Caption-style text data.
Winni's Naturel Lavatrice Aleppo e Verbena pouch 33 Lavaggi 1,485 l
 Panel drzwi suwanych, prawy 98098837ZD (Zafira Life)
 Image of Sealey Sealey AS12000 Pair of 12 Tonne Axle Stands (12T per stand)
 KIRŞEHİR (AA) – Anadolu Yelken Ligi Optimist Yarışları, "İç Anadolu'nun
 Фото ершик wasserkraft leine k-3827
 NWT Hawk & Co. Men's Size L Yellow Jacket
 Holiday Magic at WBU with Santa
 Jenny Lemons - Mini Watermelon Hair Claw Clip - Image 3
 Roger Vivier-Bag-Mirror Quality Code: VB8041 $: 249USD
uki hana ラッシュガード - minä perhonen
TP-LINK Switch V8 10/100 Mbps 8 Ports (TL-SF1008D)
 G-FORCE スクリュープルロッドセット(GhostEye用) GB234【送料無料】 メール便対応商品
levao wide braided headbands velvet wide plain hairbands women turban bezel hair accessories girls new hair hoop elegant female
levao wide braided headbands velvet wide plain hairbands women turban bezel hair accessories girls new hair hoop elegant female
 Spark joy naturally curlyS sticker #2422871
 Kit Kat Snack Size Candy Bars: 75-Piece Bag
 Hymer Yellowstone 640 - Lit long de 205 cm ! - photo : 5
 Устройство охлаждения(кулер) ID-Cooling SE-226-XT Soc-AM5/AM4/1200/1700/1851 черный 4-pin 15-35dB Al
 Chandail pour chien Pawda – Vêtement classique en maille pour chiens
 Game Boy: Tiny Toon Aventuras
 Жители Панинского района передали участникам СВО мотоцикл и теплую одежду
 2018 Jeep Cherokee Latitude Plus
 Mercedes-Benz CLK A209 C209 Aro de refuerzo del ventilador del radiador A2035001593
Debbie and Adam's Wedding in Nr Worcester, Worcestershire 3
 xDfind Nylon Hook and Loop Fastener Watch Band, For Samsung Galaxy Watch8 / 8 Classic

WHAT THE TASK REQUIRES.
Word for word, set down the lines from the beginning of the records through the line that holds "Фото ершик wasserkraft leine k-3827". Leave out the rest.

TASK SOLUTION.
Winni's Naturel Lavatrice Aleppo e Verbena pouch 33 Lavaggi 1,485 l
 Panel drzwi suwanych, prawy 98098837ZD (Zafira Life)
 Image of Sealey Sealey AS12000 Pair of 12 Tonne Axle Stands (12T per stand)
 KIRŞEHİR (AA) – Anadolu Yelken Ligi Optimist Yarışları, "İç Anadolu'nun
 Фото ершик wasserkraft leine k-3827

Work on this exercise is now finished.